We can use the previous very abstract lemma to produce presentations.

Lemma 91.16.2. Let $S$ be a scheme contained in $\mathit{Sch}_{fppf}$. Let $\mathcal{X}$ be an algebraic stack over $S$. Let $U$ be an algebraic space over $S$. Let $f : \mathcal{S}_ U \to \mathcal{X}$ be a surjective smooth morphism. Let $(U, R, s, t, c)$ be the groupoid in algebraic spaces and $f_{can} : [U/R] \to \mathcal{X}$ be the result of applying Lemma 91.16.1 to $U$ and $f$. Then

1. the morphisms $s$, $t$ are smooth, and

2. the $1$-morphism $f_{can} : [U/R] \to \mathcal{X}$ is an equivalence.

Proof.

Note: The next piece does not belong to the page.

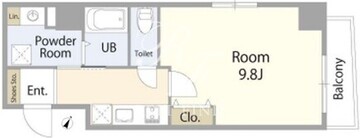 ミアカーサ雑司が谷 302 間取り図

The morphisms $s, t$ are smooth by Lemmas 91.10.2 and 91.10.3. As the $1$-morphism $f$ is smooth and surjective it is clear that given any scheme $T$ and any object $a \in \mathop{\mathrm{Ob}}\nolimits (\mathcal{X}_ T)$ there exists a smooth and surjective morphism $T' \to T$ such that $a|_ T'$ comes from an object of $[U/R]_{T'}$. Since $f_{can} : [U/R] \to \mathcal{X}$ is fully faithful, we deduce that $[U/R] \to \mathcal{X}$ is essentially surjective as descent data on objects are effective on both sides, see Stacks, Lemma 8.4.8. $\square$

Remark 91.16.3. If the morphism $f : \mathcal{S}_ U \to \mathcal{X}$ of Lemma 91.16.2 is only assumed surjective, flat and locally of finite presentation, then it will still be the case that $f_{can} : [U/R] \to \mathcal{X}$ is an equivalence. In this case the morphisms $s$, $t$ will be flat and locally of finite presentation, but of course not smooth in general.

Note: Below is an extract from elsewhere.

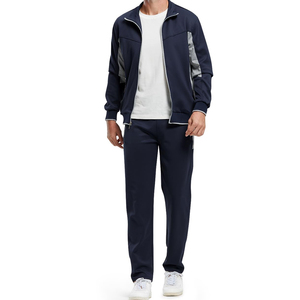 Costume d'échauffement pour hommes, sport avec logo personnalisé, poids lourds, mode, respirant, épaule tombante pour hommes - Product Image 5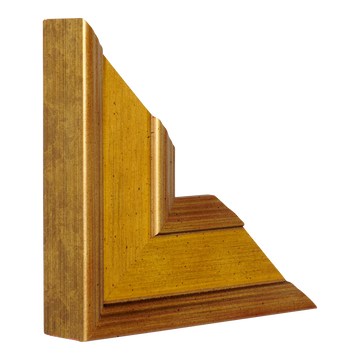 Vertical view of palazzo gold picture frame sample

Lemma 91.16.2 suggests the following definitions.

Definition 91.16.4. Let $S$ be a scheme. Let $B$ be an algebraic space over $S$. Let $(U, R, s, t, c)$ be a groupoid in algebraic spaces over $B$. We say $(U, R, s, t, c)$ is a smooth groupoid1 if $s, t : R \to U$ are smooth morphisms of algebraic spaces.

Definition 91.16.5. Let $\mathcal{X}$ be an algebraic stack over $S$. A presentation of $\mathcal{X}$ is given by a smooth groupoid $(U, R, s, t, c)$ in algebraic spaces over $S$, and an equivalence $f : [U/R] \to \mathcal{X}$.

We have seen above that every algebraic stack has a presentation. Our next task is to show that every smooth groupoid in algebraic spaces over $S$ gives rise to an algebraic stack.

 This terminology might be a bit confusing: it does not imply that $[U/R]$ is smooth over anything.